La sociedad disciplinaria es una sociedad de la negatividad. La define la negatividad de la prohibición. El verbo modal negativo que la caracteriza el el “no-poder”. Incluso al deber le es inherente una negatividad: la de la obligación. La sociedad de rendimiento se desprende progresivamente de la negatividad. Justo la creciente desregularización acaba con ella. La sociedad de rendimiento se caracteriza por el verbo modal positivo poder sin límites. Su plural afirmativo y colectivo “Yes, we can” expresa precisamente su carácter de positividad. Los proyectos, las iniciativas y la motivación reemplazan la prohibición, el mandato y la ley.

Pareciera que la crítica (o la explicación) que el autor hace de la sociedad disciplinaria estuviera escrita desde la perspectiva propia de la sociedad del rendimiento a la que también hace referencia. Asumir que la obligación es una negatividad inherente al deber no puede hacerse más que desde un posicionamiento filosófico y vital propio de algo así como un individualismo positivo extremo en el que el estado y las instituciones públicas y las corporaciones privadas se sacuden de un plumazo su responsabilidad sobre lo que quiera que sea la felicidad de sus ciudadanos y trabajadores, y sus posibilidades de  mejorar, superarse o incluso emprender.

La obligación en sí misma no es necesariamente una negatividad o algo negativo.  La obligación puede estar vinculada a valores como el compromiso,  la responsabilidad o incluso al amor. La obligación tal vez sea un elemento imprescindible de la libertad, la igualdad, del aprendizaje, la educación,…

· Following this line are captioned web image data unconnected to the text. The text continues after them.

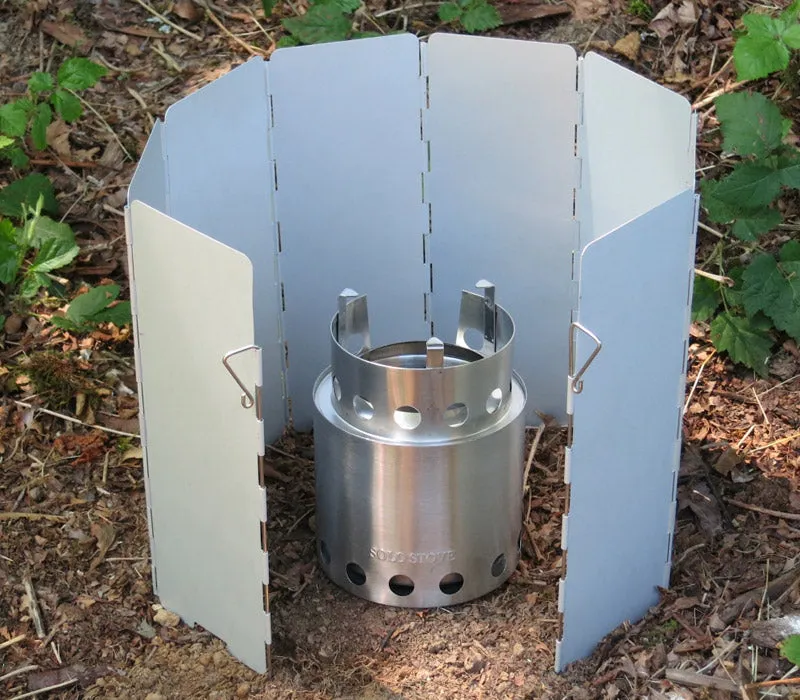 Solo Stove - Aluminium Windscreen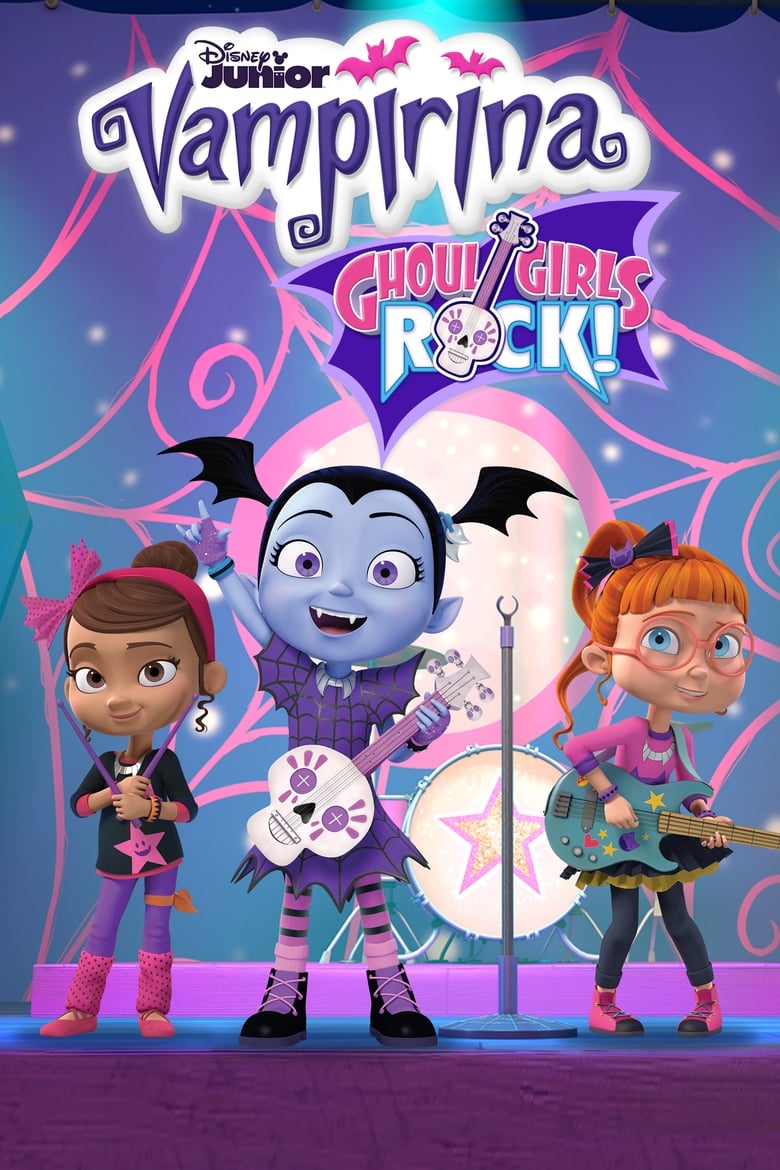 Vampirina: Ghoul Girls Rock! (2018)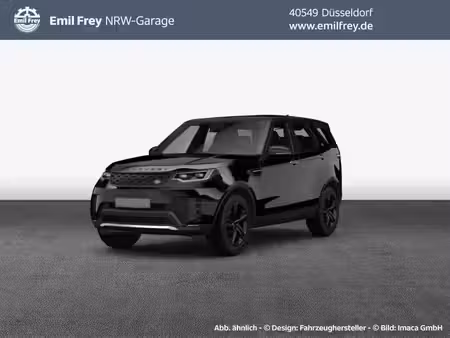 Land Rover Discovery D300 3.0 300 R‑dynamic S 4x4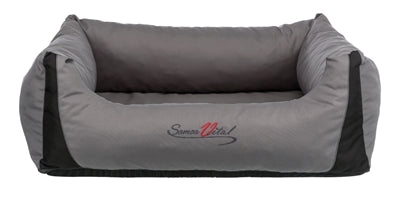 Trixie Hondenmand Samoa Vital Orthopedisch Grijs / Zwart - 0031 Shop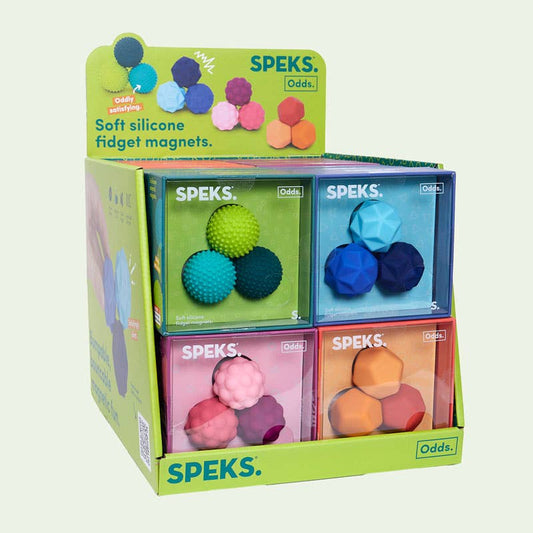 Odds Silicone Fidget Magnets - vibeboxshop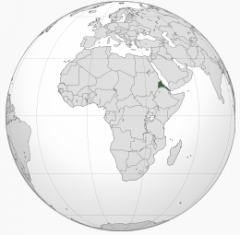 Eritrea 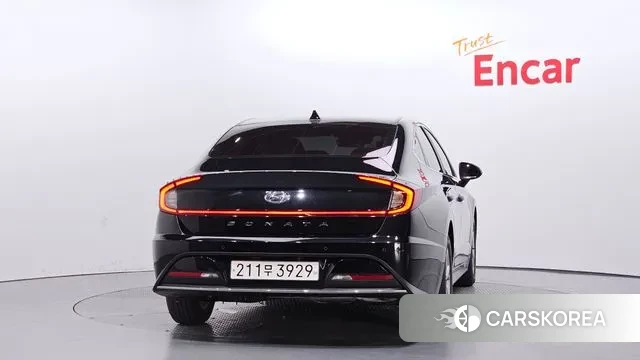 Hyundai Sonata (DN8) id 3012273 из Кореи 14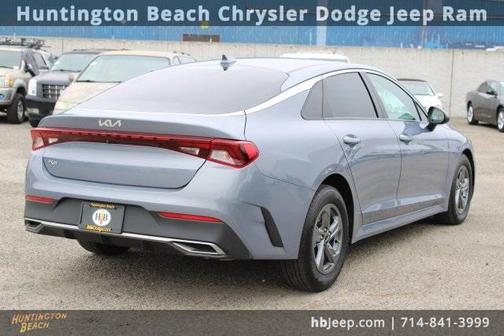 2022 Kia K5 LX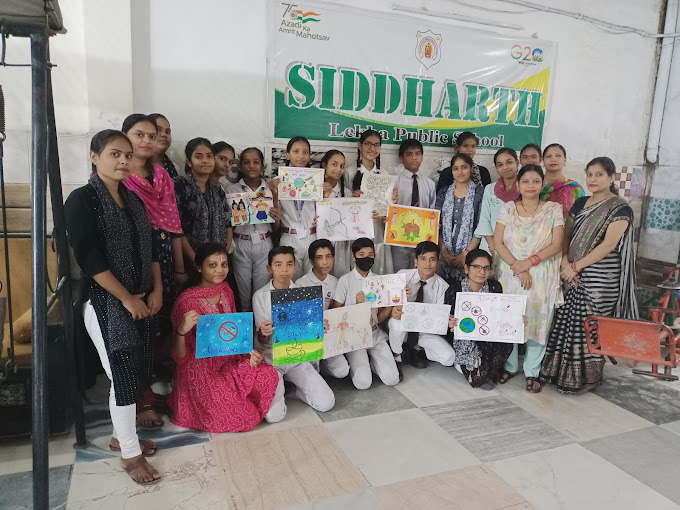 Siddharth Lekha Public School campus photo 14 of 15 — Mandoli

El que la sociedad del rendimiento con su peculiar positividad se desprenda de la vieja negatividad para infundirnos ese nuevo poder y optimismo sin límites, puede no ser más que una impostura, un lobo disfrazado de cordero, o si se prefiere un troyano, que dándonos nuevas armas nos hace más débiles, que quitándonos obligaciones nos hace más esclavos, que iluminándonos nos deja más ciegos y que prometiéndonos la felicidad como objetivo de vida nos hace más infelices. Una maniobra sutil montada desde un uso perverso del lenguaje que termina por hacernos insensibles a las contingencias que se van instalando con serenidad entre la tiranía de la normalidad y la busqueda de una felicidad con demasiados efectos secundarios indeseables.

No deja de ser curioso y una paradoja que en la sociedad del rendimiento, liberada ya de la negatividad de la obligación, con unos ciudadanos más informados, con una internet que parece que nos hace más inteligentes (cuantas dudas metodológicas y conceptuales despiertan este tipo de estudios), con la promesa de conseguir lo que nos propongamos si tenemos la adecuada actitud positiva,… seamos capaces de mantener y aguantar tantas situaciones injustas durante tanto tiempo sin mover más que un dedo para hacer clic en las campañas de apoyo que nos llegan por la red. Pareciera a veces que la sociedad del rendimiento y del positivismo sin piedad incapacita más nuestra posibilidad de reacción y compromiso que la vieja sociedad disciplinaría de las obligaciones.

Tal vez no sea buena idea analizar valores como la obligación o el esfuerzo desde el contexto político, desde el mundo de la empresa o desde la educación de hace 40, 50 o 60 años, pues nos puede llevar con cierta facilidad a renegar de ellos.

No, no creo que cualquier sociedad o cualquier tiempo pasado sea mejor, pero sí creo que hay elementos que tuvieron un gran peso en aquellas vidas que es necesario rescatar y poner en su justo valor en un nuevo escenario.